Tiki sees music video as route to e-commerce dominance

By Vien Thong, Dat Nguyen    June 3, 2019 | 11:46 am GMT+7
Tiki sees music video as route to e-commerce dominance
Two Vietnamese men open Tiki packages in a music video sponsored by Tiki. Screenshot taken from Bac Phan MV on Youtube.

Tiki, which is locked in a fierce battle with other e-commerce giants, is looking at a new strategy to attract more customers: music videos.

A number of recent music videos on Vietnam’s Youtube Trending was sponsored by Tiki. They all feature the company’s logo and a Tiki staff delivering a package to customers. The number of views for the videos range from four million to 100 million as of the time of writing.

Tiki, the second largest e-commerce site in Vietnam in terms of number of monthly web visits, said the videos are part of 100 music projects it plans to invest in.

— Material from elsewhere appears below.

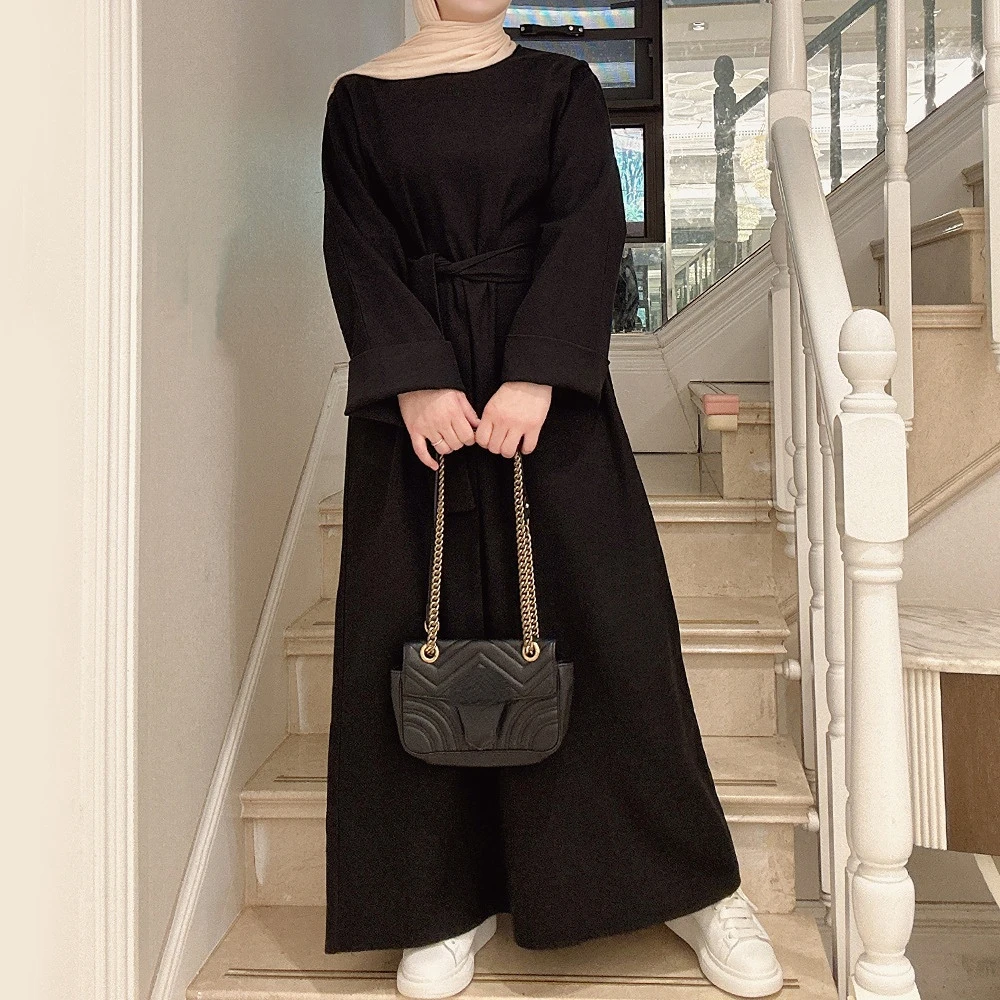 Dubai Turkey Middle East Solid Color Muslim Dress Fashion Long Sleeve Robe Abayas for Women Vestidos Largos Moroccan Kaftan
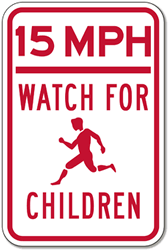 Choose the Speed Limit and Colors you Want for this Watch For Children Sign - 12X18 - Reflective rust-free heavy gauge aluminum Slow Down and Children At Play signs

Many Vietnamese companies have started to use music videos to reach the country’s young and tech-savvy population. Footwear brand Biti’s is considered one of the most successful so far with this strategy. Its Lac Troi (Afloat), performed by pop sensation Son Tung M-TP in 2016, has got over 200 million views.

Vietnam is among the five biggest global markets for YouTube, which in turn is the second most accessed site in the country with a user ratio of 59 percent, behind Facebook at 61 percent, according to a 2018 report by We Are Social.

Most major e-commerce players in Vietnam like Shopee and Lazada are pouring big bucks into promotions to retain regular customers.

Tiki is also offering discounts, but it wants more. Tran Ngoc Thai Son, founder and chairman of Tiki, said promotions alone are not enough since they mostly focus on existing users while music videos reach out to new ones.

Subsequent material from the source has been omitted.